Vous m'avez annoncé, depuis plus de trois mois, dix mille hommes venant de l'Océan; il n'est encore arrivé que la soixante-quatrième demi-brigade, forte de dix-huit cents hommes.

L'empereur aura réorganisé une nouvelle armée en Italie, avant que je n'aie reçu ces dix mille hommes.

BONAPARTE.



Au quartier-général à Verone, le 29 nivose an 5 (18 janvier 1797).

Au directoire exécutif.

Citoyens directeurs,

Je m'étais rendu à Bologne avec deux mille hommes, afin de chercher, par ma proximité, à en imposer à la cour de Rome, et lui faire adopter un système pacifique, dont cette cour parait s'éloigner de plus en plus depuis quelque temps.

J'avais aussi une négociation entamée avec le grand-duc de Toscane, relativement à la garnison de Livourne, que ma présence à Bologne terminerait infailliblement.

Mais, le 18 nivose, la division ennemie qui était à Padoue se mit en mouvement; le 19, elle attaqua l'avant-garde du général Augereau qui était à Bevilaqua, en avant de Porto-Legnago; après une escarmouche assez vive, l'adjudant-général Dufour qui commandait cette avant-garde, se retira à San-Zeno, et le lendemain à Porto-Legnago, après avoir eu le temps, par sa résistance, de prévenir toute la ligne de la marche de l'ennemi.

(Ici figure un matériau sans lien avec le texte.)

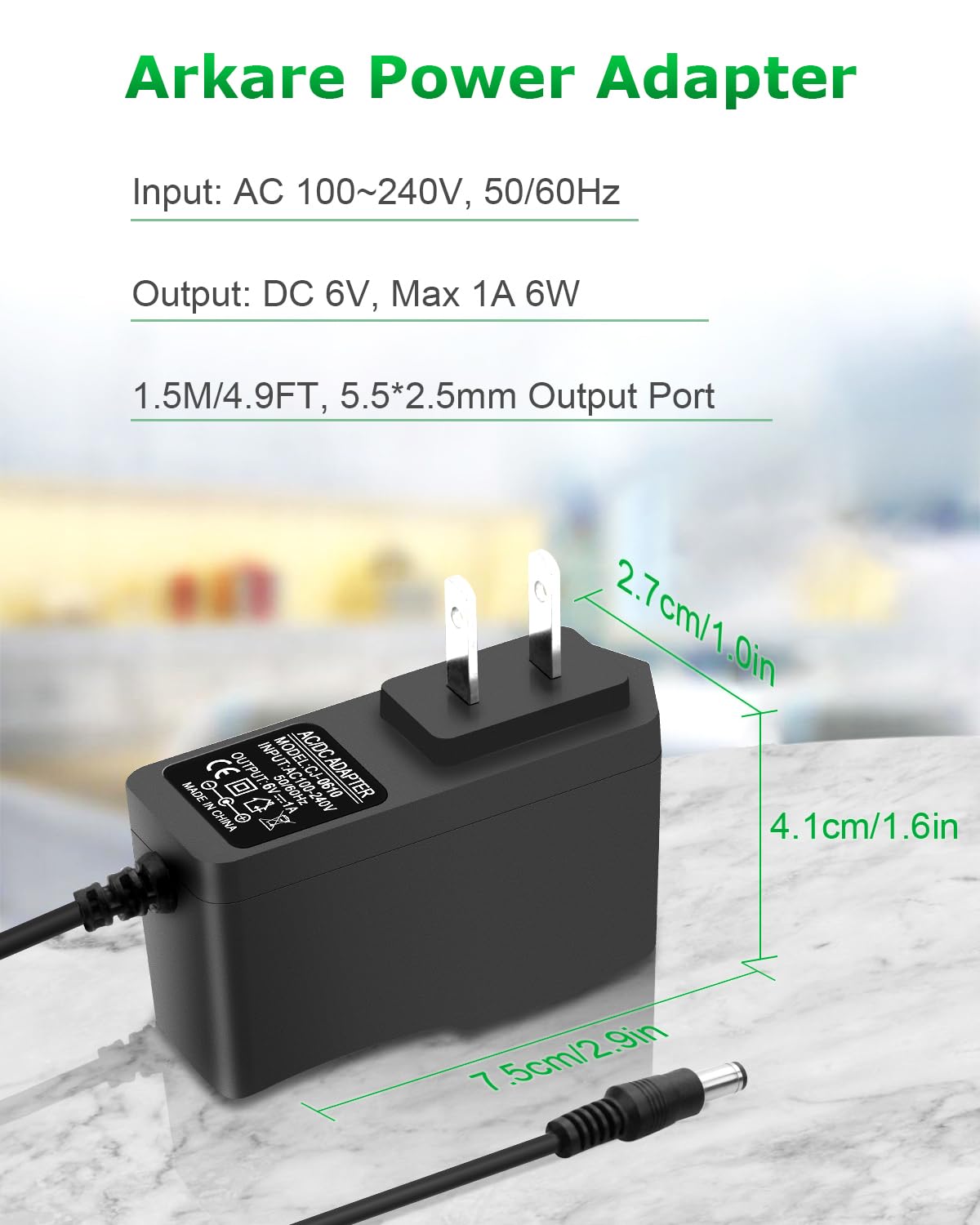 Arkare 6V 1A Power Adapter - AC 100V-240V to DC 6 Volt 1Amp Charger for Trash Can Doorbell, Alarm Monitor, Baby Swing, Electronic Scale, Radio & Speaker - Universal 6V Power Cord for Home & Office Electronics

Je fis passer aussitôt sur l'Adige les deux mille hommes que j'avais avec moi à Bologne, et je partis immédiatement après pour Verone.

Le 23, à six heures du matin, les ennemis se présentèrent devant Verone, et attaquèrent l'avant-garde du général Masséna, placée au village de Saint-Michel: ce général sortit de Verone, rangea sa division en bataille, et marcha droit à l'ennemi, qu'il mit en déroute, lui enleva trois pièces de canon, et lui fit six cents prisonniers. Les grenadiers de la soixante-quinzième enlevèrent les pièces à la baïonnette; ils avaient à leur tête le général Brune, qui a eu ses habits percés de sept balles.

Le même jour et à la même heure, l'ennemi attaquait la tête de notre ligne de Montebaldo, défendue par l'infanterie légère du général Joubert: le combat fut vif et opiniâtre, l'ennemi s'était emparé de la première redoute; mais Joubert se précipita à la tête de ses carabiniers, chassa l'ennemi, qu'il mit en déroute complète, et lui fit cent dix prisonniers.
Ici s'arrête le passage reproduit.